The premise is straightforward. A few desperate characters break into the Gungeon, this legendary vault, because it holds the one thing they want: a gun that can kill the past. They’re trying to undo their worst decisions, the choices that put them here. Of course the Gungeon doesn’t hand over its treasures easily. The place is full of enemies, little creatures that look almost adorable until they’re shooting at you from three angles at once.
What makes Enter the Gungeon work is that it doesn’t overcomplicate things. You move, you shoot, you dodge, and when you screw up, you die. You die constantly.
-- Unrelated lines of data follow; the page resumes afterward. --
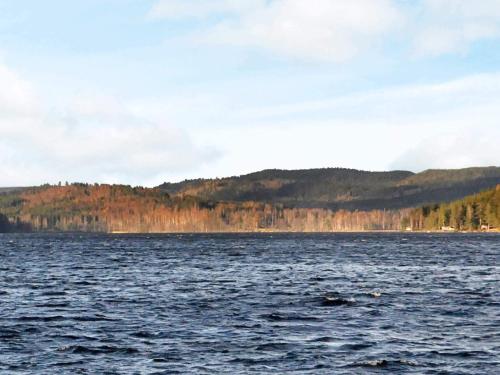 a large body of water with mountains in the background at 4 person holiday home in Ulfborg-By Traum in Fengersfors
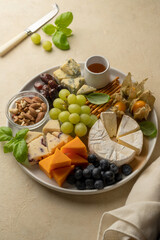 Cheese board, platter with assorted various cheeses, fruits, nuts and snacks. Warm background.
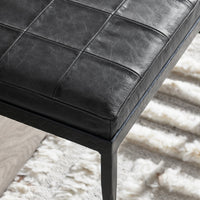 Close-up of the Onyx Black bench showing the leather cushion corner, stitched squares and textured iron frame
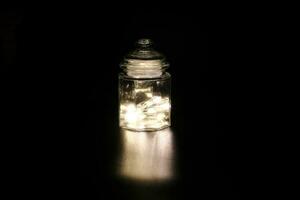 Shining light through glass jar photo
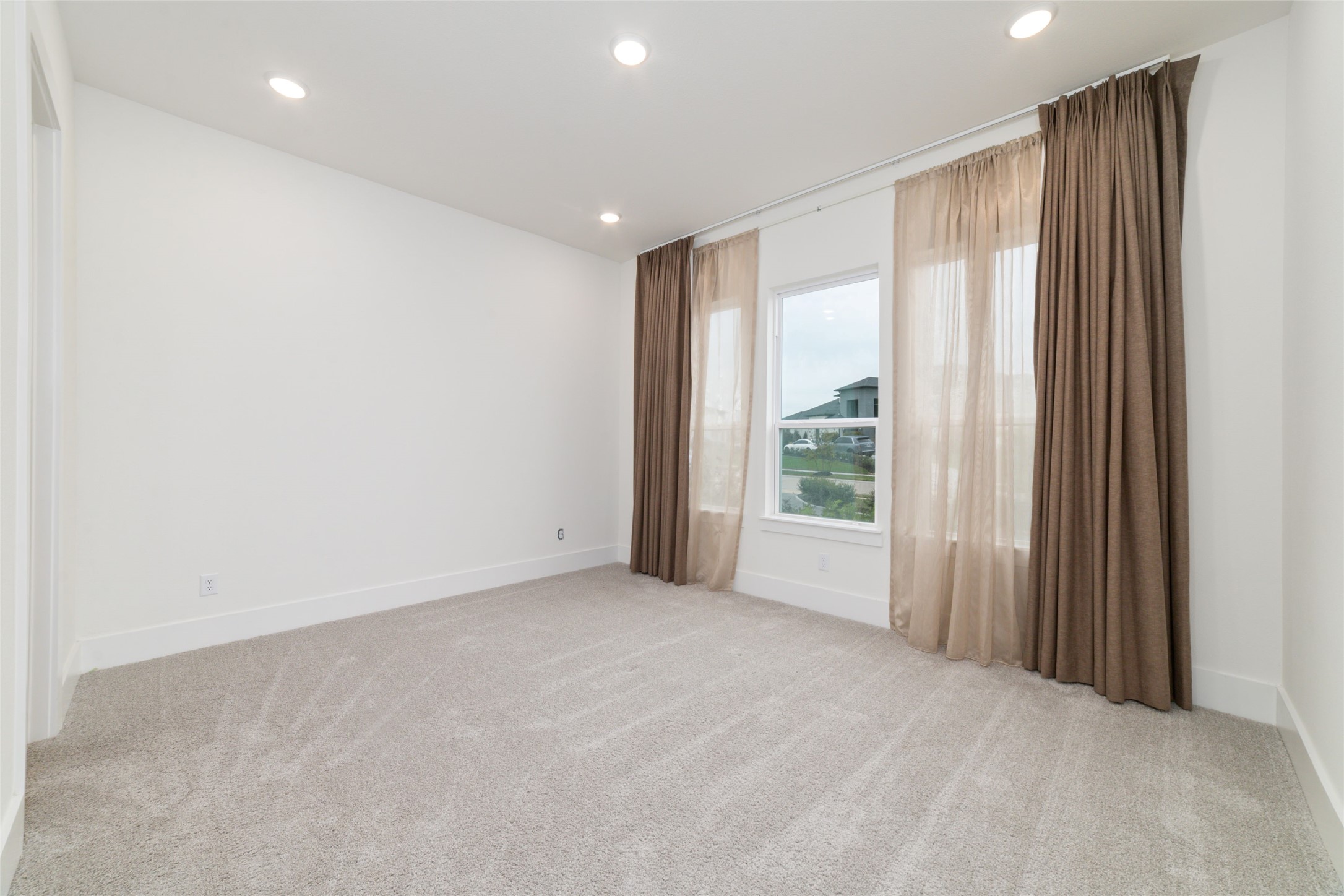 29627 Cir S Rnch Trail Fulshear, TX 77406 - Photo 29 of 50 a view of an empty room with a window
The structure is always the same—rooms, enemies, maybe a puzzle—but the layout changes every time, so you never figure out a permanent strategy. After fifty deaths you might clear a floor. After a hundred you might feel like you’re actually getting somewhere. The game doesn’t care either way. It just keeps the loop going.
A new update called Gungeons & Draguns dropped with a bunch of new content—more characters, weapons, levels. Nothing that fundamentally changes how the game plays, just more stuff to find and unlock. Which is really all I need. An excuse to sit back down on a night like this and get shot to pieces one more time.